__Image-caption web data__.
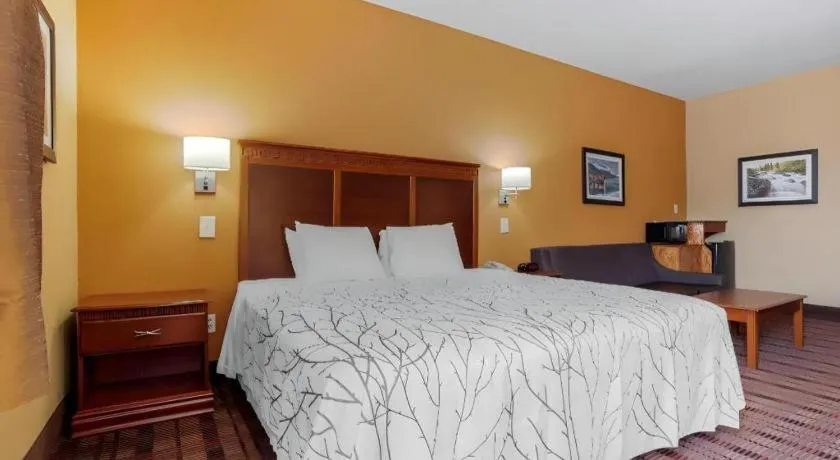 Bed in Best Western Plaquemine Inn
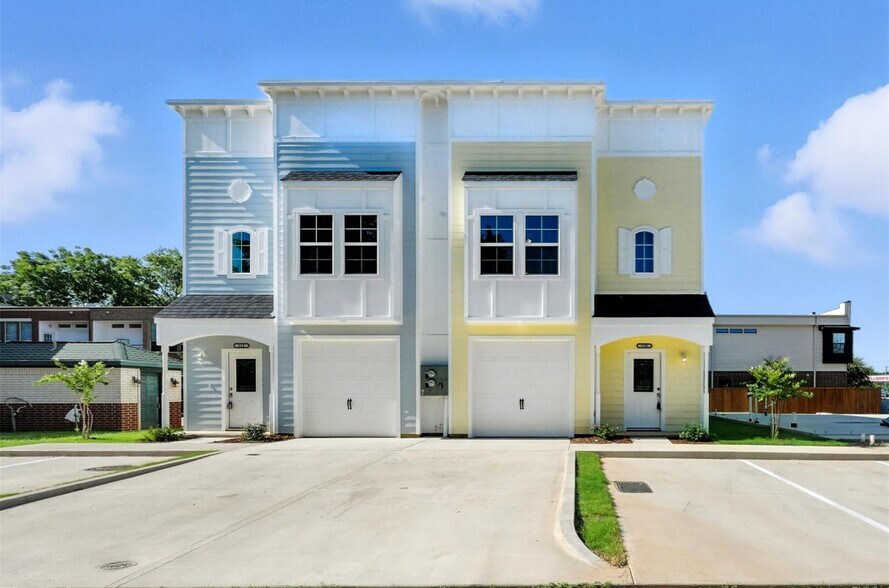 Primary Photo - 110 S Market St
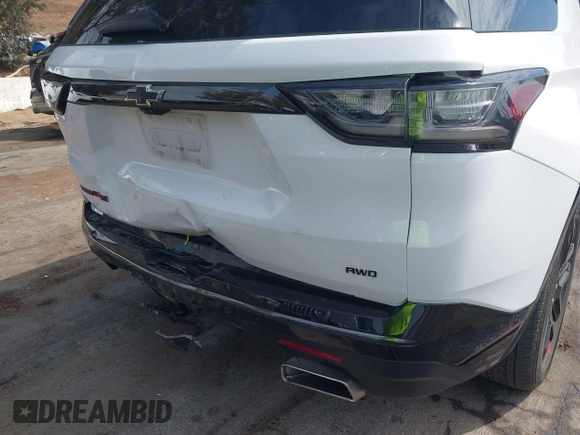 2021 Chevrolet Traverse Premier with VIN 1GNEVKKW1MJ260435, listed as a IAAI auction lot 40506016 with 35,835 mi miles. Bid and sale history available at carsss.com. Image 6.
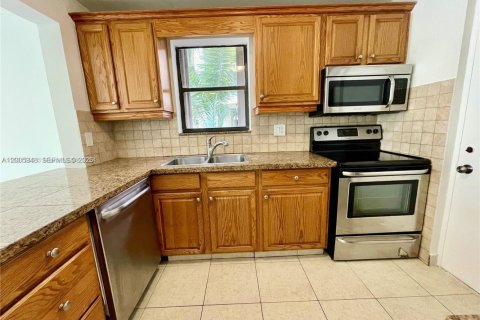 Copropriété à louer à Pompano Beach, Floride: 2 chambres, 102.19 m2 № 2072649 - photo 5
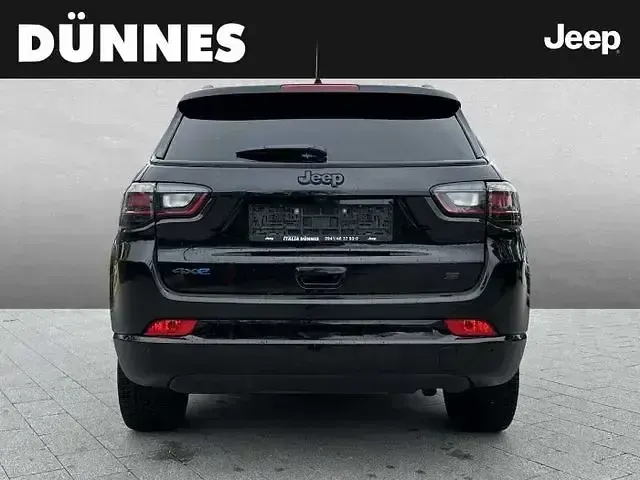 Käytetty Jeep Compass 241 HP (177 kW) 2022 Musta Katumaasturi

__PROBLEM DESCRIPTION__. Pictures stay out. Copy exactly, and only, the lines from the one containing "Primary Photo - 110 S Market St" through the end of the data.

__SOLVED PROBLEM__.
 Primary Photo - 110 S Market St
 2021 Chevrolet Traverse Premier with VIN 1GNEVKKW1MJ260435, listed as a IAAI auction lot 40506016 with 35,835 mi miles. Bid and sale history available at carsss.com. Image 6.
 Copropriété à louer à Pompano Beach, Floride: 2 chambres, 102.19 m2 № 2072649 - photo 5
 Käytetty Jeep Compass 241 HP (177 kW) 2022 Musta Katumaasturi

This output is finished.